▸ **TASK STATEMENT**:
Repeat the entries shown below with every word and mark intact.

BEGIN

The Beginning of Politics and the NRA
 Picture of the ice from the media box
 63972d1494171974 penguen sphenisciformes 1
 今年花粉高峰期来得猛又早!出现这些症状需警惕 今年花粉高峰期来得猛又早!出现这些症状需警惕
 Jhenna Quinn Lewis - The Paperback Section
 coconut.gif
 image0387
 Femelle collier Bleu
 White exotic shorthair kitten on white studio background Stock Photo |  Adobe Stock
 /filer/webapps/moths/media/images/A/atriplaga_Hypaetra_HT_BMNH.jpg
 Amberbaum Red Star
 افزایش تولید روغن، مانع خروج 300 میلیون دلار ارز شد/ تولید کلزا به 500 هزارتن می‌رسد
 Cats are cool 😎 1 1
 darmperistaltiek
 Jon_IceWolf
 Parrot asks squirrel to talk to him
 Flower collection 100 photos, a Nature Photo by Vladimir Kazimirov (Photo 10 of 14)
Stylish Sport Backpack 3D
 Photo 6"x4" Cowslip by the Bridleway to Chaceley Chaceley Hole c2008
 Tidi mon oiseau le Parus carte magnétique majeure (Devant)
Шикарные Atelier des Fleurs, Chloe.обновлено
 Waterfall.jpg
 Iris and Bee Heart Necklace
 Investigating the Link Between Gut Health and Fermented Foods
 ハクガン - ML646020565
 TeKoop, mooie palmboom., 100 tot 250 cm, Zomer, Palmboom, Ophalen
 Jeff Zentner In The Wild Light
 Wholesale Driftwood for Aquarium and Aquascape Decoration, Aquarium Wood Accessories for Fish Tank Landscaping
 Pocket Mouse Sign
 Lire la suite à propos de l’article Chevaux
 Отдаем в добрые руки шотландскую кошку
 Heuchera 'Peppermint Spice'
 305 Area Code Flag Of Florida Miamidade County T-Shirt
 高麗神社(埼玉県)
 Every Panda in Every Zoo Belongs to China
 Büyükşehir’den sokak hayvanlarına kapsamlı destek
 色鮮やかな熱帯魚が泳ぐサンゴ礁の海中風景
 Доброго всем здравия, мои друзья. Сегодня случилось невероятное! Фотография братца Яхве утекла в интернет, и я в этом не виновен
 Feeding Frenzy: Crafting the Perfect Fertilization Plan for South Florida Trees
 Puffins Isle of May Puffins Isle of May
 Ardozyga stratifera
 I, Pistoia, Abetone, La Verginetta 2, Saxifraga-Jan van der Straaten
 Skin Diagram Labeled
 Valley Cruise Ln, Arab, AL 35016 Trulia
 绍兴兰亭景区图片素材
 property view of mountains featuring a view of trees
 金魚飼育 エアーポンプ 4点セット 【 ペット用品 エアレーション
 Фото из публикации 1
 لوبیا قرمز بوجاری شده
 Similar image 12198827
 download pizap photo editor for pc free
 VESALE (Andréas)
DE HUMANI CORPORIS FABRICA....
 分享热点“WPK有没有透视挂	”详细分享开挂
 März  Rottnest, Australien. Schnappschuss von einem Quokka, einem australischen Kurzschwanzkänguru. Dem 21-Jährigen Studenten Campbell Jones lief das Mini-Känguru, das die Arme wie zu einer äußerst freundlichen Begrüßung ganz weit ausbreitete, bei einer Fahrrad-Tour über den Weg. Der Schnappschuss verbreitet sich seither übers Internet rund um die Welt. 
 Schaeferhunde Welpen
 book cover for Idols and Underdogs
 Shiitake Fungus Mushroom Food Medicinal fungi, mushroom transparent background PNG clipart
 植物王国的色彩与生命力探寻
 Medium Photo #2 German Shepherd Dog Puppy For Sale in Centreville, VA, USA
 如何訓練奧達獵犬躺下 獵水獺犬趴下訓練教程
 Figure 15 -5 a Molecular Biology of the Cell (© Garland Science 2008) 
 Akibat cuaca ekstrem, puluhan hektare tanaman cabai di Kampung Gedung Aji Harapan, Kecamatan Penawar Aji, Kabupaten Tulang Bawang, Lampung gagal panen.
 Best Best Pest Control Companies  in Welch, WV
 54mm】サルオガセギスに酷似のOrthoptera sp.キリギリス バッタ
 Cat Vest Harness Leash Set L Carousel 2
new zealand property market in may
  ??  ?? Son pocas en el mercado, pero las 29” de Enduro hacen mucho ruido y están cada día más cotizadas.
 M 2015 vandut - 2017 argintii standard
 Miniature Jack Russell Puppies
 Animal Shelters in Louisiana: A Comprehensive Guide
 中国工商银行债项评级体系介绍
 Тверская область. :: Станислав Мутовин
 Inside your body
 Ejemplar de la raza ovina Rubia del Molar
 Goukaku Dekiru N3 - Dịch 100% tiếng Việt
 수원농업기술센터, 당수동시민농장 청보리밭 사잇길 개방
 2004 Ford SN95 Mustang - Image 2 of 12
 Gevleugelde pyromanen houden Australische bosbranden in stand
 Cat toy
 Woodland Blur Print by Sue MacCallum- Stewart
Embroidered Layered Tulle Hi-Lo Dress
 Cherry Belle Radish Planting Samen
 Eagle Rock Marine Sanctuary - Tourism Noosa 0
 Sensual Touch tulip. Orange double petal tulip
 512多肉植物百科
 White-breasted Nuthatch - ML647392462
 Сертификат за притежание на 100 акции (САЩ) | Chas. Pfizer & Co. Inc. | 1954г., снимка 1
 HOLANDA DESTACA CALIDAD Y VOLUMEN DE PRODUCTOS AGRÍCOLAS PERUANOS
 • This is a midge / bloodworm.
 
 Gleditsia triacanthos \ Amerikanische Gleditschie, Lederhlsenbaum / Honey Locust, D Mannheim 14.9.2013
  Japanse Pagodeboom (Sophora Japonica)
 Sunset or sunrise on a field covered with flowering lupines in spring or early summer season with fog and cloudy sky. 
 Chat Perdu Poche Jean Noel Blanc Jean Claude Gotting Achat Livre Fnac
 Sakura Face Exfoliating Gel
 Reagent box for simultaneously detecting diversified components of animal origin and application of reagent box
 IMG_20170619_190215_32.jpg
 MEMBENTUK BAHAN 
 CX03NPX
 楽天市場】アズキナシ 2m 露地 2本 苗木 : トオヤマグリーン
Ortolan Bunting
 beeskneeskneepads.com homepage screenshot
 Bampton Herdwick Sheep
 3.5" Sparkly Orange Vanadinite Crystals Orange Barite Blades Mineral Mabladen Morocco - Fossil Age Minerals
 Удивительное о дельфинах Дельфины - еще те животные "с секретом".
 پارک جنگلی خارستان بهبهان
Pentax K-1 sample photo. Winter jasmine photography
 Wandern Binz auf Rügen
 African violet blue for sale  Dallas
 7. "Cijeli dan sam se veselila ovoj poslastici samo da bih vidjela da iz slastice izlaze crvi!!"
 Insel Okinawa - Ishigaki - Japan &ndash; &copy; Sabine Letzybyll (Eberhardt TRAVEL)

END

▸ **EXERCISE OUTPUT**:
The Beginning of Politics and the NRA
 Picture of the ice from the media box
 63972d1494171974 penguen sphenisciformes 1
 今年花粉高峰期来得猛又早!出现这些症状需警惕 今年花粉高峰期来得猛又早!出现这些症状需警惕
 Jhenna Quinn Lewis - The Paperback Section
 coconut.gif
 image0387
 Femelle collier Bleu
 White exotic shorthair kitten on white studio background Stock Photo |  Adobe Stock
 /filer/webapps/moths/media/images/A/atriplaga_Hypaetra_HT_BMNH.jpg
 Amberbaum Red Star
 افزایش تولید روغن، مانع خروج 300 میلیون دلار ارز شد/ تولید کلزا به 500 هزارتن می‌رسد
 Cats are cool 😎 1 1
 darmperistaltiek
 Jon_IceWolf
 Parrot asks squirrel to talk to him
 Flower collection 100 photos, a Nature Photo by Vladimir Kazimirov (Photo 10 of 14)
Stylish Sport Backpack 3D
 Photo 6"x4" Cowslip by the Bridleway to Chaceley Chaceley Hole c2008
 Tidi mon oiseau le Parus carte magnétique majeure (Devant)
Шикарные Atelier des Fleurs, Chloe.обновлено
 Waterfall.jpg
 Iris and Bee Heart Necklace
 Investigating the Link Between Gut Health and Fermented Foods
 ハクガン - ML646020565
 TeKoop, mooie palmboom., 100 tot 250 cm, Zomer, Palmboom, Ophalen
 Jeff Zentner In The Wild Light
 Wholesale Driftwood for Aquarium and Aquascape Decoration, Aquarium Wood Accessories for Fish Tank Landscaping
 Pocket Mouse Sign
 Lire la suite à propos de l’article Chevaux
 Отдаем в добрые руки шотландскую кошку
 Heuchera 'Peppermint Spice'
 305 Area Code Flag Of Florida Miamidade County T-Shirt
 高麗神社(埼玉県)
 Every Panda in Every Zoo Belongs to China
 Büyükşehir’den sokak hayvanlarına kapsamlı destek
 色鮮やかな熱帯魚が泳ぐサンゴ礁の海中風景
 Доброго всем здравия, мои друзья. Сегодня случилось невероятное! Фотография братца Яхве утекла в интернет, и я в этом не виновен
 Feeding Frenzy: Crafting the Perfect Fertilization Plan for South Florida Trees
 Puffins Isle of May Puffins Isle of May
 Ardozyga stratifera
 I, Pistoia, Abetone, La Verginetta 2, Saxifraga-Jan van der Straaten
 Skin Diagram Labeled
 Valley Cruise Ln, Arab, AL 35016 Trulia
 绍兴兰亭景区图片素材
 property view of mountains featuring a view of trees
 金魚飼育 エアーポンプ 4点セット 【 ペット用品 エアレーション
 Фото из публикации 1
 لوبیا قرمز بوجاری شده
 Similar image 12198827
 download pizap photo editor for pc free
 VESALE (Andréas)
DE HUMANI CORPORIS FABRICA....
 分享热点“WPK有没有透视挂	”详细分享开挂
 März  Rottnest, Australien. Schnappschuss von einem Quokka, einem australischen Kurzschwanzkänguru. Dem 21-Jährigen Studenten Campbell Jones lief das Mini-Känguru, das die Arme wie zu einer äußerst freundlichen Begrüßung ganz weit ausbreitete, bei einer Fahrrad-Tour über den Weg. Der Schnappschuss verbreitet sich seither übers Internet rund um die Welt. 
 Schaeferhunde Welpen
 book cover for Idols and Underdogs
 Shiitake Fungus Mushroom Food Medicinal fungi, mushroom transparent background PNG clipart
 植物王国的色彩与生命力探寻
 Medium Photo #2 German Shepherd Dog Puppy For Sale in Centreville, VA, USA
 如何訓練奧達獵犬躺下 獵水獺犬趴下訓練教程
 Figure 15 -5 a Molecular Biology of the Cell (© Garland Science 2008) 
 Akibat cuaca ekstrem, puluhan hektare tanaman cabai di Kampung Gedung Aji Harapan, Kecamatan Penawar Aji, Kabupaten Tulang Bawang, Lampung gagal panen.
 Best Best Pest Control Companies  in Welch, WV
 54mm】サルオガセギスに酷似のOrthoptera sp.キリギリス バッタ
 Cat Vest Harness Leash Set L Carousel 2
new zealand property market in may
  ??  ?? Son pocas en el mercado, pero las 29” de Enduro hacen mucho ruido y están cada día más cotizadas.
 M 2015 vandut - 2017 argintii standard
 Miniature Jack Russell Puppies
 Animal Shelters in Louisiana: A Comprehensive Guide
 中国工商银行债项评级体系介绍
 Тверская область. :: Станислав Мутовин
 Inside your body
 Ejemplar de la raza ovina Rubia del Molar
 Goukaku Dekiru N3 - Dịch 100% tiếng Việt
 수원농업기술센터, 당수동시민농장 청보리밭 사잇길 개방
 2004 Ford SN95 Mustang - Image 2 of 12
 Gevleugelde pyromanen houden Australische bosbranden in stand
 Cat toy
 Woodland Blur Print by Sue MacCallum- Stewart
Embroidered Layered Tulle Hi-Lo Dress
 Cherry Belle Radish Planting Samen
 Eagle Rock Marine Sanctuary - Tourism Noosa 0
 Sensual Touch tulip. Orange double petal tulip
 512多肉植物百科
 White-breasted Nuthatch - ML647392462
 Сертификат за притежание на 100 акции (САЩ) | Chas. Pfizer & Co. Inc. | 1954г., снимка 1
 HOLANDA DESTACA CALIDAD Y VOLUMEN DE PRODUCTOS AGRÍCOLAS PERUANOS
 • This is a midge / bloodworm.
 
 Gleditsia triacanthos \ Amerikanische Gleditschie, Lederhlsenbaum / Honey Locust, D Mannheim 14.9.2013
  Japanse Pagodeboom (Sophora Japonica)
 Sunset or sunrise on a field covered with flowering lupines in spring or early summer season with fog and cloudy sky. 
 Chat Perdu Poche Jean Noel Blanc Jean Claude Gotting Achat Livre Fnac
 Sakura Face Exfoliating Gel
 Reagent box for simultaneously detecting diversified components of animal origin and application of reagent box
 IMG_20170619_190215_32.jpg
 MEMBENTUK BAHAN 
 CX03NPX
 楽天市場】アズキナシ 2m 露地 2本 苗木 : トオヤマグリーン
Ortolan Bunting
 beeskneeskneepads.com homepage screenshot
 Bampton Herdwick Sheep
 3.5" Sparkly Orange Vanadinite Crystals Orange Barite Blades Mineral Mabladen Morocco - Fossil Age Minerals
 Удивительное о дельфинах Дельфины - еще те животные "с секретом".
 پارک جنگلی خارستان بهبهان
Pentax K-1 sample photo. Winter jasmine photography
 Wandern Binz auf Rügen
 African violet blue for sale  Dallas
 7. "Cijeli dan sam se veselila ovoj poslastici samo da bih vidjela da iz slastice izlaze crvi!!"
 Insel Okinawa - Ishigaki - Japan &ndash; &copy; Sabine Letzybyll (Eberhardt TRAVEL)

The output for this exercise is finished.